Un décret autorise (et encadre strictement) la délivrance de Plaquenil en traitement du Covid-19

« Il n’y a pas d’élargissement des cas qui sont pris en compte », soit les cas les plus graves, précise le gouvernement au Huffpost. © Copyright 2020, L’Obs

La délivrance de Plaquenil, médicament dérivé de la chloroquine, sous les feux des projecteurs car promu par certains comme un traitement possible du Covid-19, est désormais encadrée par un décret paru jeudi 26 mars au « Journal officiel », qui interdit notamment son exportation.

Afin de « protéger » les patients qui en ont besoin et d’« éviter les risques de rupture » de leur traitement à cause d’ordonnances « sans aucune justification », la délivrance de ce médicament à base d’hydroxychloroquine en officine sera limitée à ses indications médicales strictes (polyarthrite rhumatoïde, lupus, et en prévention des lucites – allergies au soleil…).

Le Plaquenil n’est pas utilisable « dans la prise en charge du Covid-19 en (médecine de) ville », a souligné l’agence du médicament l’ANSM auprès de l’AFP, alors que ce médicament fait actuellement l’objet d’une demande massive.

Une autorisation à titre dérogatoire

Le décret prévoit par ailleurs l’interdiction de l’exportation des spécialités contenant de l’hydroxychloroquine, mais aussi des médicaments contenant l’association lopinavir/ritonavir, antiviraux eux aussi expérimentés contre le Covid-19.

Le décret confirme également, comme annoncé par le ministre de la Santé Olivier Véran, qu’à titre dérogatoire « l’hydroxychloroquine et l’association lopinavir/ritonavir peuvent être prescrits, dispensés et administrés sous la responsabilité d’un médecin aux patients atteints par le Covid-19 ».
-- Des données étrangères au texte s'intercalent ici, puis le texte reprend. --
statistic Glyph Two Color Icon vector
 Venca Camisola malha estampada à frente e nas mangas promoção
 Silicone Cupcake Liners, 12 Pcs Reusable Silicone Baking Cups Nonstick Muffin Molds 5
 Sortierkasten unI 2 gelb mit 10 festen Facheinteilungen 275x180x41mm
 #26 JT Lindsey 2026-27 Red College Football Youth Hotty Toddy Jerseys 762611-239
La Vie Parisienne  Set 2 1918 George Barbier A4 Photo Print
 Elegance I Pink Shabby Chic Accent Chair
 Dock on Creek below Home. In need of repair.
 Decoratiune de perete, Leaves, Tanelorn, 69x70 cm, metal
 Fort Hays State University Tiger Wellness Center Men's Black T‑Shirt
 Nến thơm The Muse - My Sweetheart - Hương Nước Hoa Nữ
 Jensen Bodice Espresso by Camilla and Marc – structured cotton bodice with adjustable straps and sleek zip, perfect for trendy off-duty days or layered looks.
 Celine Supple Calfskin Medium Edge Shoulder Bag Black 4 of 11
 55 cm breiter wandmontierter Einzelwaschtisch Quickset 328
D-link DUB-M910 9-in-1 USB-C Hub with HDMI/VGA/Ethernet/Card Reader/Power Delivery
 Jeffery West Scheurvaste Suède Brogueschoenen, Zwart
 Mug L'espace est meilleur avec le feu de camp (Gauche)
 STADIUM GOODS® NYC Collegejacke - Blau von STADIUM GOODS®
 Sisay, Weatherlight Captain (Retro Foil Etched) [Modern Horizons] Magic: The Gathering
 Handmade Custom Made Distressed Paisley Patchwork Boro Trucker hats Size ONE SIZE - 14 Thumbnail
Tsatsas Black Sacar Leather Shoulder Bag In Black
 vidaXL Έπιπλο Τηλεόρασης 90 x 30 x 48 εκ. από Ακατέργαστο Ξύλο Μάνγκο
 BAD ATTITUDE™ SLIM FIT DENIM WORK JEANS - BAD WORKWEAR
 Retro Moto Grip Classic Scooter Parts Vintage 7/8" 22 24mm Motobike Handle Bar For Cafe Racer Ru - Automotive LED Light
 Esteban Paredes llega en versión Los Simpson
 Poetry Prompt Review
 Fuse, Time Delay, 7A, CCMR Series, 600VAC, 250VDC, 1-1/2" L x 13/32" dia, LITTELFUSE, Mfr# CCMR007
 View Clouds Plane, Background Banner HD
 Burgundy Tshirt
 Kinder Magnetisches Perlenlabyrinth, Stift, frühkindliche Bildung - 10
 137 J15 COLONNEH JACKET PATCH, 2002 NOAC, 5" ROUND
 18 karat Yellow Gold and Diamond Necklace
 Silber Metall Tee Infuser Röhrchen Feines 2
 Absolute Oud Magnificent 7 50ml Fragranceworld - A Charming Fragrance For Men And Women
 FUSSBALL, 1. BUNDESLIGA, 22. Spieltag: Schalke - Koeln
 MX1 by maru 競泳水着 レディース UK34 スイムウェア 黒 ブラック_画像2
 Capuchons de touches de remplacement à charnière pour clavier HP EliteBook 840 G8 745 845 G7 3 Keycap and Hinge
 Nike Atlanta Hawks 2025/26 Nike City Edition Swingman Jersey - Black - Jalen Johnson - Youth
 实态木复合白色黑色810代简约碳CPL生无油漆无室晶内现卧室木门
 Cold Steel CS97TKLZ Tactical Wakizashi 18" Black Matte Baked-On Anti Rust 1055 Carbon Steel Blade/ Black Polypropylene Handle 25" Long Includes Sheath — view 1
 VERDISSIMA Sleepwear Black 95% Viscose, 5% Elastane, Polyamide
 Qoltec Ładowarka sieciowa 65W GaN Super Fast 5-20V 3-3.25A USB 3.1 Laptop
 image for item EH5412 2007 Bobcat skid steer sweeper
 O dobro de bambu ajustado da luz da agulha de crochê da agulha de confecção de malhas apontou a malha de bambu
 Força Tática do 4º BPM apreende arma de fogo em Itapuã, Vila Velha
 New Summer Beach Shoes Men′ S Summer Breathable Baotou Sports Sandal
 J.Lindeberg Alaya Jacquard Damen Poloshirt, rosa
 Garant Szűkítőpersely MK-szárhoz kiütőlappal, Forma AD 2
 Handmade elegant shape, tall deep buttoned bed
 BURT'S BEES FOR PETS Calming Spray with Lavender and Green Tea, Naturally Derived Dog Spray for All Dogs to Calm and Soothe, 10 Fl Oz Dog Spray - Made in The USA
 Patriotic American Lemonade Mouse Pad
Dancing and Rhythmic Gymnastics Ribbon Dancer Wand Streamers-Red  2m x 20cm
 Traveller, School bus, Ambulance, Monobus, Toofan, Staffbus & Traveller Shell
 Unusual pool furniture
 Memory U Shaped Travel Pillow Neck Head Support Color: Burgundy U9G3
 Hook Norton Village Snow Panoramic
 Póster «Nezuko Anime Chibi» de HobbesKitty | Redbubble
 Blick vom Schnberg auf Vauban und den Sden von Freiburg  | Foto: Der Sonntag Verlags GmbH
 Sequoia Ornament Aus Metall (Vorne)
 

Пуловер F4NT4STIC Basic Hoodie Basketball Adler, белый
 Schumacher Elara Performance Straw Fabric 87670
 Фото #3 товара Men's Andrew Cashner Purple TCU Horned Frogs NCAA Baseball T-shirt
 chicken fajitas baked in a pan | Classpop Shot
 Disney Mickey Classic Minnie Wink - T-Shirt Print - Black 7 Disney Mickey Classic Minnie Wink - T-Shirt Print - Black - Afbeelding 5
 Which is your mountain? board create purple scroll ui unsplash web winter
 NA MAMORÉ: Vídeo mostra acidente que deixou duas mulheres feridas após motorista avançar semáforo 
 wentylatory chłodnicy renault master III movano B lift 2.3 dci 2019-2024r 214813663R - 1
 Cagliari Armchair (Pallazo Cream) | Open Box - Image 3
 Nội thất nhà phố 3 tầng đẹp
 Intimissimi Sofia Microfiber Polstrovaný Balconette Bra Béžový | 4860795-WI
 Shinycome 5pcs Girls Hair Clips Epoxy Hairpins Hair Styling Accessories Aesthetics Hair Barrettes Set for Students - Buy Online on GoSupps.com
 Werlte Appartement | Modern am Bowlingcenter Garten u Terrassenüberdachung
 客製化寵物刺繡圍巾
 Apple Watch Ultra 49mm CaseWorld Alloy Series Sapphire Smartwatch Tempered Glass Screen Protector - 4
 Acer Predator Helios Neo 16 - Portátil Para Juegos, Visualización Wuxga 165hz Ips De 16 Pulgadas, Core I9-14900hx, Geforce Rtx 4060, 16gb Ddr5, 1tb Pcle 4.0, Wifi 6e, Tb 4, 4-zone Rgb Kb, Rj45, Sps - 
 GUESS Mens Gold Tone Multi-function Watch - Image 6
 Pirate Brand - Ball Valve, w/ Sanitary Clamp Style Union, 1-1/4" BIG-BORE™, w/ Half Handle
Cela doit se faire « dans les établissements de santé qui les prennent en charge, ainsi que, pour la poursuite de leur traitement si leur état le permet et sur autorisation du prescripteur initial, à domicile ».

« Une erreur d’interprétation »

Sur Twitter, le professeur Raoult, qui prône l’usage de la chloroquine comme traitement contre le Covid-19, a remercié jeudi le ministre de la Santé Olivier Véran « pour son écoute », après la parution de ce décret : « Dans le cadre de l’urgence sanitaire, l’hydroxychloroquine peut être prescrite en traitement du COVID-19 », a-t-il écrit.

Plusieurs personnalités politiques ont également salué cette décision, à l’image de Bruno Retailleau (LR) qui écrit sur Twitter : « Un nouveau décret pris par Olivier Véran élargit l’usage sous contrôle médical de l’hydrochloroquine alors que le précédent la réservait aux cas graves ».

Cité par le Huffington Post, le ministère de la Santé a toutefois voulu mettre les choses au clair : « Il n’y a pas d’élargissement des cas qui sont pris en compte. Ce décret ne change rien à ce qui avait été décidé avant et ne déroge pas à la dernière prise de parole d’Olivier Véran sur le sujet », précise -t-on.

« Tout ceci est basé sur une erreur d’interprétation », souligne l’entourage d’Olivier Véran. Et d’insister : « La situation n’a pas changé depuis la parution du décret ». Lundi, le ministre de la Santé, avait annoncé un encadrement de l’utilisation de la chloroquine, qui serait « accessible aux équipes médicales hospitalières qui le souhaitent ». Il disait s’être notamment appuyé sur les recommandations du Haut Conseil de Santé publique de ne pas utiliser l’antipaludique chloroquine, sauf pour des formes graves et sous surveillance médicale stricte.

Interrogé jeudi soir, le directeur général de la Santé Didier Salomon a semblé indiquer, sans plus de précision, que la prescription de chloroquine concernait bien des cas graves.